══ Provided information ══

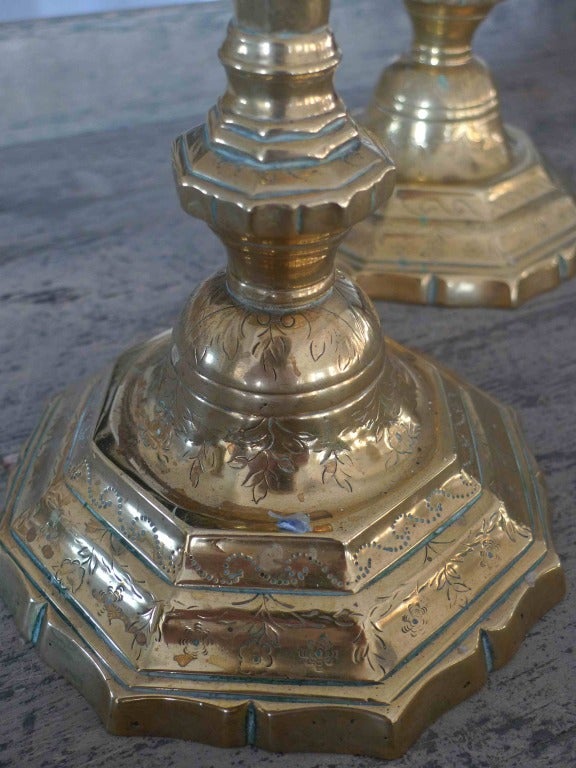 Pair of Baroque Candlesticks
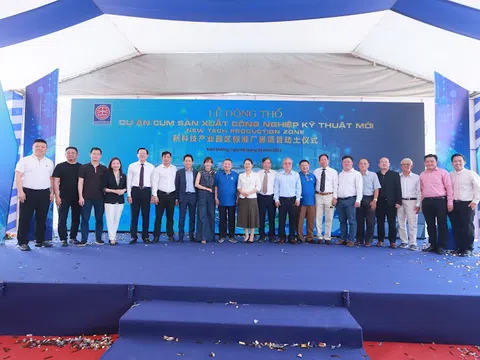 Tập đoàn Việt Hương khởi công dự án nhà xưởng cho thuê “Cụm sản xuất công nghiệp kỹ thuật mới – New Tech Production Zone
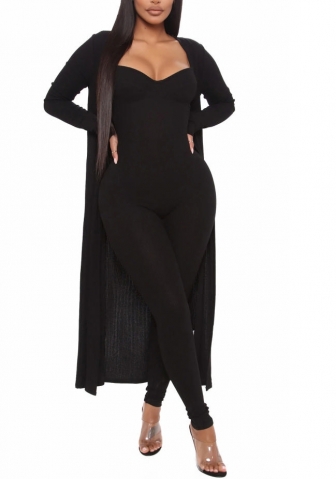 (Real Image)2022 Styles Women Fashion Summer TikTok&Instagram Styles Solid Color Two Piece Suit(Coat+Jumpsuit)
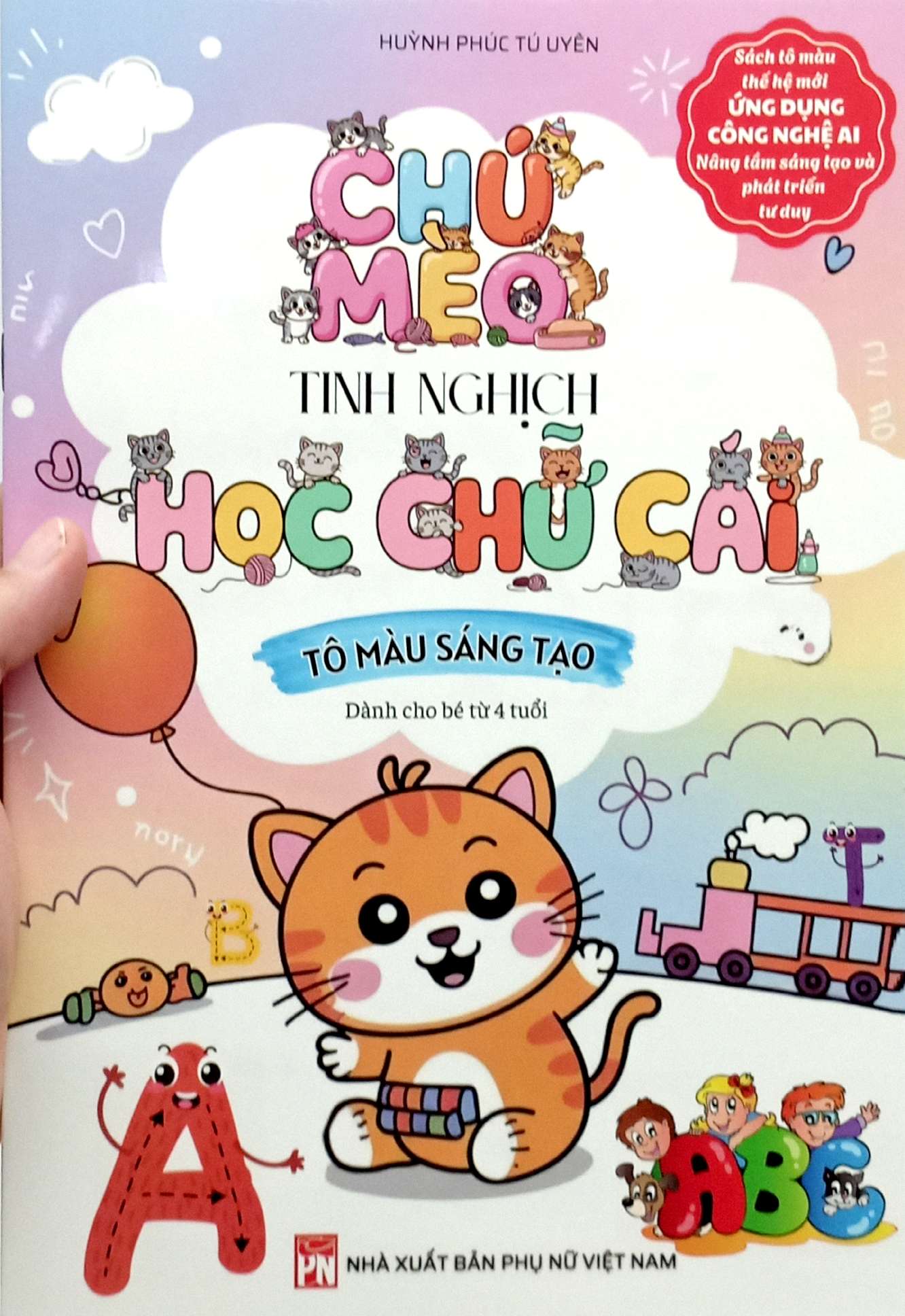 Chu Meo Tinh Nghich Hoc Chu Cai - To Mau Sang Tao - Danh Cho Be 3 Tuoi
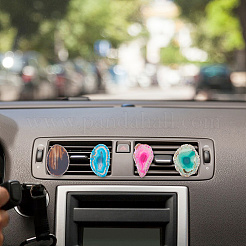 5 шт. зажимы для воздуховодов автомобиля из натурального агата&nbsp;HJEW-DC00112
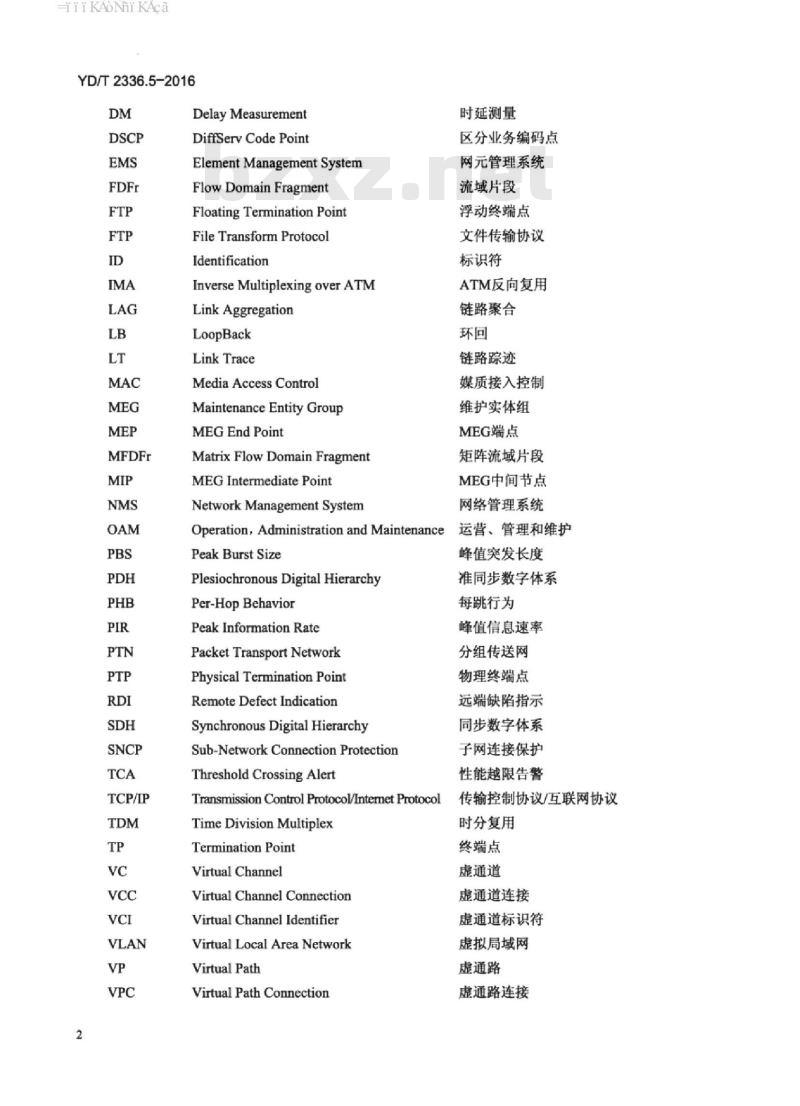 YD/T 2336.5-2016 分组传送网(PTN)网络管理技术要求 第5部分:基于 IDL/IIOP 技术的 EMS-NMS 接口信息模型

═══

■ **Exercise aim**
Print again, exactly, the lines of the records above from the first line through the line with "5 шт. зажимы". No pictures.

■ **Task output**
 Pair of Baroque Candlesticks
 Tập đoàn Việt Hương khởi công dự án nhà xưởng cho thuê “Cụm sản xuất công nghiệp kỹ thuật mới – New Tech Production Zone
 (Real Image)2022 Styles Women Fashion Summer TikTok&Instagram Styles Solid Color Two Piece Suit(Coat+Jumpsuit)
 Chu Meo Tinh Nghich Hoc Chu Cai - To Mau Sang Tao - Danh Cho Be 3 Tuoi
 5 шт. зажимы для воздуховодов автомобиля из натурального агата&nbsp;HJEW-DC00112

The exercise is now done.